This course teaches practical digital circuits based on the knowledge acquired in the lecture of Switching Circuit Theory.
Also, it teaches basic principles of computers and computer logic design using a simple computer as an example circuit.
In the exercise, students describe the combinational circuits and the sequential circuits in hardware description language such as Verilog HDL, and verify their operation by the simulation and implement them on the hardware board with an FPGA.

Student learning outcomes

At the end of this course, students will:
- Understand the basic structures of computer systems,
- Understand the logic design of a single-cycle processor,
- Understand the logic design of a pipeline processor,
- Obtain skills for designing simple computer systems with a hardware description language.

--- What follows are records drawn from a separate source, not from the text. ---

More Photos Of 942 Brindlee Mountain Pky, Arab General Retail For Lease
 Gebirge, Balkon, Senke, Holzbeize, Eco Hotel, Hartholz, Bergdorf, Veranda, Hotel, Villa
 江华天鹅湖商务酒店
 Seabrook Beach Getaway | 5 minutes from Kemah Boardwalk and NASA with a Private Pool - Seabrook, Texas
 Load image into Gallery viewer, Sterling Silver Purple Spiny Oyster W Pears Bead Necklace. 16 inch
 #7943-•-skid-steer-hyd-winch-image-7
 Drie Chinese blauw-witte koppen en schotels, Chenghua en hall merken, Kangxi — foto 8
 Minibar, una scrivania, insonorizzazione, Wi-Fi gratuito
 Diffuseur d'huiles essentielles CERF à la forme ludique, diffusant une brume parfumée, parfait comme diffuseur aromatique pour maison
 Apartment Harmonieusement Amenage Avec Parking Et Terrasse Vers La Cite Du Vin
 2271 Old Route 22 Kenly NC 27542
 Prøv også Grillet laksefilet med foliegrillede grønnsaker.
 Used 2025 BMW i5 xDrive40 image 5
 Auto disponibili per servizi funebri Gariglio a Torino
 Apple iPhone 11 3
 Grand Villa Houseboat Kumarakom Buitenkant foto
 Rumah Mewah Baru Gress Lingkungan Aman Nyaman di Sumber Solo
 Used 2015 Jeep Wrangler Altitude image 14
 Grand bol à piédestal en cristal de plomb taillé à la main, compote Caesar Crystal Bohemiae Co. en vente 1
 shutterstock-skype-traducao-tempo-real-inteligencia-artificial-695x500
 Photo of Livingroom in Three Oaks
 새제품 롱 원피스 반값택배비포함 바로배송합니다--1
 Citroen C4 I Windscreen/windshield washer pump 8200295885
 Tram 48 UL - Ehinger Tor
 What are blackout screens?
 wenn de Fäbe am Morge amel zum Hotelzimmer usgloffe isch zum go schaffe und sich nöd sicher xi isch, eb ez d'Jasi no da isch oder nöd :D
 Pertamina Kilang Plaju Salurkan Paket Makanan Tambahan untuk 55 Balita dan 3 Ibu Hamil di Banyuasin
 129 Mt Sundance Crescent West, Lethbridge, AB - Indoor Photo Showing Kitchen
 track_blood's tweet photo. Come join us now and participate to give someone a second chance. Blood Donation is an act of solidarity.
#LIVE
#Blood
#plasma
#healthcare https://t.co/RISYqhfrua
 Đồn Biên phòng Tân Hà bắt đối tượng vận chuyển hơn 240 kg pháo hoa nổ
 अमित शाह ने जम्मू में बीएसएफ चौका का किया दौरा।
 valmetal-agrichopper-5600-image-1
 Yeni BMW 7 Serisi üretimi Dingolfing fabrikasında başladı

Computer, Instruction Set Architecture, Processor, Pipelining, Hardware Description Language, Verilog HDL, FPGA

Competencies that will be developed

Specialist skills Intercultural skills Communication skills Critical thinking skills Practical and/or problem-solving skills

Class flow

In general, a 90 minutes exercise using an FPGA board will be conducted after two 90 minutes lectures.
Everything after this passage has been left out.